Mit welchen Auswirkungen wir tatsächlich rechnen müssen, ist eine zutiefst ökonomische Frage - Kalifornien vor einem um 15 Zentimeter höheren Meeresspiegel zu schützen, würde zum Beispiel über eine Milliarde Dollar kosten - und bei jedem Zentimeter mehr steigen die Kosten nichtlinear.

Damit der Meeresspiegel tatsächlich so weit ansteigen kann, brauchen die Ozeane natürlich jede Menge zusätzliches Wasser. Das liefern ihnen die Gletscher, vor allem die auf Grönland und in der Antarktis. Und Gletscher sind natürliche Gebilde, die sich nach den Gesetzen der Physik verhalten. Genau die haben drei US-Forscher nun angewendet, um den maximalen Wassereintrag aus Gletschern in die Ozeane zu berechnen. Ihre Ergebnisse haben sie im Wissenschaftsmagazin Science publiziert.

Entwarnung?

Dass der Meeresspiegel wohl nicht so schnell steigen wird wie befürchtet, liegt zum Beispiel am Fließverhalten der Gletscher. Um tatsächlich auf einen um zwei Meter gestiegenen Meeresspiegel zu kommen, müssten die grönländischen Gletscher ihre mittlere Fließgeschwindigkeit auf je nach Szenario mindestens 26,8 Kilometer pro Jahr steigern, und zwar sofort und konstant bis ins Jahr 2100.

Heute bewegen sich die Eismassen hingegen mit 0,56 bis 1,23 Kilometern pro Jahr, also sehr gemütlich. Selbst die flottesten Gletscher schoben ihre Eismassen mit maximal 12 oder 14 Kilometern pro Jahr voran - und auch das nur vorübergehend. Als wahrscheinlichstes Szenario berechnen die Forscher einen Anstieg um knapp 0,8 Meter. Das ist noch immer mehr als im IPCC-Kompromiss - deutlich höhere Werte sind aber extrem unwahrscheinlich.
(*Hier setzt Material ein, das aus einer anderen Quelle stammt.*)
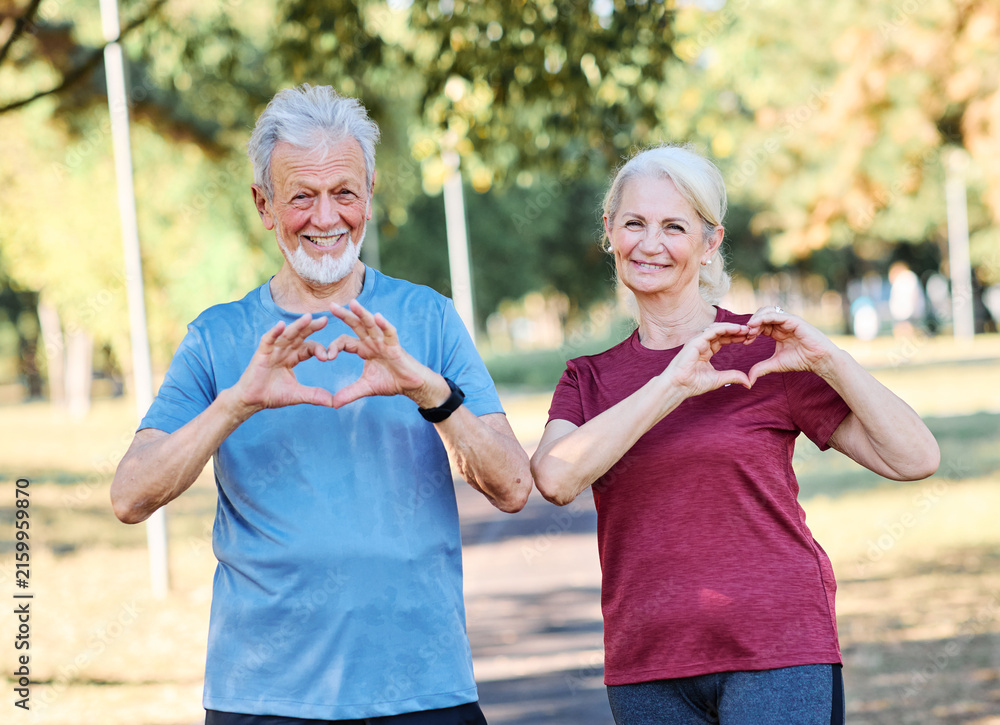 Fototapeta premium Smiling active mature middle aged couple people posing together forming heart shape with hands in the park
Ist deshalb Entwarnung angesagt? Nur teilweise. Tatsächlich ist das Abschmelzen der Gletscher nicht der einzige Grund für das Steigen des Meeresspiegels. Erwärmt sich das Wasser der Ozeane, vergrößert es zum Beispiel sein Volumen. In der Badewanne fällt kein Unterschied zwischen 37 und 38 Grad Celsius Wassertemperatur auf. Aber wegen der riesigen Wassermengen ist das auf die gesamte Erde bezogen ein nicht zu unterschätzender Faktor. Würde sich alles Wasser der Ozeane um drei Kelvin erwärmen, stiege der Meeresspiegel um immerhin 1,80 Meter - allerdings unter der Voraussetzung, dass sich die Oberfläche der Meere nicht vergrößert.

Zum Glück braucht das Tiefenwasser der Ozeane geraume Zeit, bis es sich ebenfalls erwärmt. Dabei helfen allerdings die in zunehmender Häufigkeit auftretenden tropischen Stürme, die die Wassermassen zumindest oberflächlich kräftig umrühren.